Viele Potsadamer Künstler sind bisher im Rechenzentrum angekommen und wünschen sich natürlich bleiben zu können. Zum einen ist es zentral gelegen, zum anderen ist es eben ein Ort des Austauschs und der Vernetzung. Die Sanierung des baufälligen Gebäudes sei sehr kostenintensiv, der Abriss allein löse aber nicht die weiterhin bestehende Problematik, dass Möglichkeiten fehlen sich zentrumsnah zu treffen und auszutauschen und gemeinsam etwas zu schaffen. Was es also gibt sind Aktive, Vernetzungswillige, Kreative, Interessierte, Unterstützer und Ideen. Was es nicht gibt ist ein Platz an dem alle die Möglichkeit haben zusammen zu kommen und Gesellschaft zu gestalten.
Potsdam als Vorbild für Bürgerbeteiligung in der Stadtentwicklung?
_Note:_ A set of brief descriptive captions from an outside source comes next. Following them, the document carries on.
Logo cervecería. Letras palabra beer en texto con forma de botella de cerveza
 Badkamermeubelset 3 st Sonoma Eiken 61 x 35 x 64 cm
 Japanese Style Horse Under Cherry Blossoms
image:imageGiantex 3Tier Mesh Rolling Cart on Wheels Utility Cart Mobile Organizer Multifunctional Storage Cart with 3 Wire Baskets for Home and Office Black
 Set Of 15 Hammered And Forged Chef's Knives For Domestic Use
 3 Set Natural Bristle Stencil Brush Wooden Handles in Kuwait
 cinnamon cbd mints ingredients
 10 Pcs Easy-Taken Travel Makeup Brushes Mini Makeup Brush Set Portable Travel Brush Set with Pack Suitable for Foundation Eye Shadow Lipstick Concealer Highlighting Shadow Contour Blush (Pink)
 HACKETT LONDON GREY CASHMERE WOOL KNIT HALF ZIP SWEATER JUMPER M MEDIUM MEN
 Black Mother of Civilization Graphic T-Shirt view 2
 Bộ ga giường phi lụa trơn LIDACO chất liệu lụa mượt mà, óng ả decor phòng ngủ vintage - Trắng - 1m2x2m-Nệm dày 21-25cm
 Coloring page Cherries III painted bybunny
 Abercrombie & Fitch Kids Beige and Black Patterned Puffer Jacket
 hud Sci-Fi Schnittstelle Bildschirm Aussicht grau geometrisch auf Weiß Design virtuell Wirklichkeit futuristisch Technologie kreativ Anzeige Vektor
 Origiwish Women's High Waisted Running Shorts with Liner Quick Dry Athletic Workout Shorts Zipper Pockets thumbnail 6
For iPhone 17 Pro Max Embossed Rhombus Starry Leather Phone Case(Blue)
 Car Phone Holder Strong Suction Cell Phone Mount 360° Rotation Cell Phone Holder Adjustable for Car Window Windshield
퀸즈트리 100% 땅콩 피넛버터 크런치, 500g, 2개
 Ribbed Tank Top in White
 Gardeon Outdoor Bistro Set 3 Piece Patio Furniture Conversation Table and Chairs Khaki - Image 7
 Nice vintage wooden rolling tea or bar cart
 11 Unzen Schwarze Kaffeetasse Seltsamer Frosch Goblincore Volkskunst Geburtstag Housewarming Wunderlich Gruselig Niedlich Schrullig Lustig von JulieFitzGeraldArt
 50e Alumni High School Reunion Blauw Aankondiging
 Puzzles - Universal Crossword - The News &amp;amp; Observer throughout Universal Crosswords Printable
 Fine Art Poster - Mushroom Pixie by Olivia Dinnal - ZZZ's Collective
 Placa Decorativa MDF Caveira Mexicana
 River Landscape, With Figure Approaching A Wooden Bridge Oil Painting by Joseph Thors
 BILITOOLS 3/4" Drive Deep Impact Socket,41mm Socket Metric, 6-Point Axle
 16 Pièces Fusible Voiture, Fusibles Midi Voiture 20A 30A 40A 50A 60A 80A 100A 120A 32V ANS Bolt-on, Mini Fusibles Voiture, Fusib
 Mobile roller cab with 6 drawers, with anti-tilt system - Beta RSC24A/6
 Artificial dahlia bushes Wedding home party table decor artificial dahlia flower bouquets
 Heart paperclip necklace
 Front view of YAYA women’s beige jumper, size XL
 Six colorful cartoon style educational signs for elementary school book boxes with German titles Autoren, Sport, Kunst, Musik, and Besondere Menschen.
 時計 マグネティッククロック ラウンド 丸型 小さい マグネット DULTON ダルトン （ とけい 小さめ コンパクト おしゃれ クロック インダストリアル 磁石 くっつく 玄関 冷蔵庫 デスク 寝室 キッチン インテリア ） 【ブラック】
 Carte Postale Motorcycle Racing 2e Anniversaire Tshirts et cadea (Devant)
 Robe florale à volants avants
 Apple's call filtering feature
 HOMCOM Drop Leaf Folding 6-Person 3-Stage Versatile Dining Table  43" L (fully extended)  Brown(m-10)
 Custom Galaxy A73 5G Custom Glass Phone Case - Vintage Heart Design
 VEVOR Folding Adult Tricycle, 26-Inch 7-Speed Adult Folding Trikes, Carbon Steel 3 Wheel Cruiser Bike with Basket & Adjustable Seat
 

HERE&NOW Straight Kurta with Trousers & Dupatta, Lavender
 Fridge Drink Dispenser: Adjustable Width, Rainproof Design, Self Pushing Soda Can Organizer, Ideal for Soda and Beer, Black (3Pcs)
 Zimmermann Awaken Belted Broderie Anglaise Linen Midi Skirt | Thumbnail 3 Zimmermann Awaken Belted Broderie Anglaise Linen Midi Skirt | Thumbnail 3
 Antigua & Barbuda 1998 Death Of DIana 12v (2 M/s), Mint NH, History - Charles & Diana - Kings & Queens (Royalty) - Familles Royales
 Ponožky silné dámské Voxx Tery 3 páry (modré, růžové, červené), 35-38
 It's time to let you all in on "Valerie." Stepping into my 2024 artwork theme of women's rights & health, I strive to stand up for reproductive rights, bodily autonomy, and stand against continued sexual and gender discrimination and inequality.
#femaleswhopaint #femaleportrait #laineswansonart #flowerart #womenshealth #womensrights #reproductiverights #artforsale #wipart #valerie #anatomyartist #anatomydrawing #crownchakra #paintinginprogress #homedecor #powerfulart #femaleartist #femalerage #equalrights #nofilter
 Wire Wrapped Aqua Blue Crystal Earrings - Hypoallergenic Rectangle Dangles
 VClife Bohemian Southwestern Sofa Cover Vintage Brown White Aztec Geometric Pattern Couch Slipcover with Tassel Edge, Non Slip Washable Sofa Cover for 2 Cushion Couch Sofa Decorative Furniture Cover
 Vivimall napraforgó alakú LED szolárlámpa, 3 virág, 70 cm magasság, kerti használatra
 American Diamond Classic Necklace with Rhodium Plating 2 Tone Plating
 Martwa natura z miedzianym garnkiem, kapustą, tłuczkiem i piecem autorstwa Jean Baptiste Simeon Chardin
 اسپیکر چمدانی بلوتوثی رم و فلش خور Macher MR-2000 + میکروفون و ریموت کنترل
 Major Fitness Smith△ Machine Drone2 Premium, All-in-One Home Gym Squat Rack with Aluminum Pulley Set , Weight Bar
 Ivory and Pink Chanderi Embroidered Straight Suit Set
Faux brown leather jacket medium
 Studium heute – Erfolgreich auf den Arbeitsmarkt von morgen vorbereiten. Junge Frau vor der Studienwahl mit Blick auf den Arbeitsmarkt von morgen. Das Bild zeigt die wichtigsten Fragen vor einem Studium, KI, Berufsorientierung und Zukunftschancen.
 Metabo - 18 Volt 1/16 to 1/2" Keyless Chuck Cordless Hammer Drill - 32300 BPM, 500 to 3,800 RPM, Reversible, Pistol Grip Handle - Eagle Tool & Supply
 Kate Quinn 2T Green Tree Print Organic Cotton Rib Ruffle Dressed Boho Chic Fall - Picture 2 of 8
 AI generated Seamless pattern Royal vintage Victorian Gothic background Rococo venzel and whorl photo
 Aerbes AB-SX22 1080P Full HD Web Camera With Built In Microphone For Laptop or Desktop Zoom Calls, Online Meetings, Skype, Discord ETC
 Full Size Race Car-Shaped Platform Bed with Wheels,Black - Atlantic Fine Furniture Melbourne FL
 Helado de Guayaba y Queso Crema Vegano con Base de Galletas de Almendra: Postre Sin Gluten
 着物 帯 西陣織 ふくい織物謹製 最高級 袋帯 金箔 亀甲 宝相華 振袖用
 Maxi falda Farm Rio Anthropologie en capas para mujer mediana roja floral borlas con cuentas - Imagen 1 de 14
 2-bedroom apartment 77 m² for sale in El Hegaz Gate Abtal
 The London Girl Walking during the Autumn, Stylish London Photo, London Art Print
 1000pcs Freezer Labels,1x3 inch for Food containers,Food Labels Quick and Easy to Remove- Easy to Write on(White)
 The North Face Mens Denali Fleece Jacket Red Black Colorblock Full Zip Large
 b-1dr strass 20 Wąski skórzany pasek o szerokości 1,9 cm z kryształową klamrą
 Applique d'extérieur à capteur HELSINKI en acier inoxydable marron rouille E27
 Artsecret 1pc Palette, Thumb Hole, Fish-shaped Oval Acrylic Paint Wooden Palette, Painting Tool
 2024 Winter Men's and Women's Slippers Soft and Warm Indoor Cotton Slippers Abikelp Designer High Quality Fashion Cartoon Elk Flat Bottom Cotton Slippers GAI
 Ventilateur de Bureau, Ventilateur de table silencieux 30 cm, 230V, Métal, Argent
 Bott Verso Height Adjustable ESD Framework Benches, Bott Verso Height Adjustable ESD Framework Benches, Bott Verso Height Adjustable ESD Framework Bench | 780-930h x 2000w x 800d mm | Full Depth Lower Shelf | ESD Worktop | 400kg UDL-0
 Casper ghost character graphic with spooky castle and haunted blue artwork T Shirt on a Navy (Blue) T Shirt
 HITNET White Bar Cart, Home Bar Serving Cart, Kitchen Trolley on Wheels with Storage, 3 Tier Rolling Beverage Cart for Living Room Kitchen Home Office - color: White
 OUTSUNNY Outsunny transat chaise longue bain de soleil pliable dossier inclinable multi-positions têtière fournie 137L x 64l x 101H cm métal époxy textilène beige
Die Bürgerinitiative hat sichtbar gemacht, dass ein Großteil der Potsdamer sich gegen den Abriss zunächst einmal des FH-Gebäudes ausspricht. Die Stadt ist also angehalten umzudenken und mit den Bürgern in den Dialog zu kommen. Die Initiative liefert Ideen und bietet den Dialog als Vermittler zwischen Politik, der Öffentlichkeit und den Bedürfnissen der Potsdamer. Aktuell hätte der Antrag des Bürgerbegehrens einen Bürgerentscheid durchführen zu können mit der Abgabe der erforderlichen Menge Unterschriften angenommen werden müssen. Die Stadt lehnt den Antrag hingegen mit dem Argument ab, die inhaltliche Fragestellung des Bürgerbegehrens sei nicht rechtskräftig. Auch das liefert keine Antworten auf die Fragen, wie man in der Stadt mehr öffentlichen Raum schaffen kann und wie dementsprechend öffentliche Gelder in eine zukunftsfähige Entwicklung der Stadt gesteckt werden können. Man darf also gespannt sein, ob es eine Bereitschaft zum Dialog geben wird und Bürgerbeteiligung, auch modellhaft, in der Landeshauptstadt Brandenburgs möglich ist.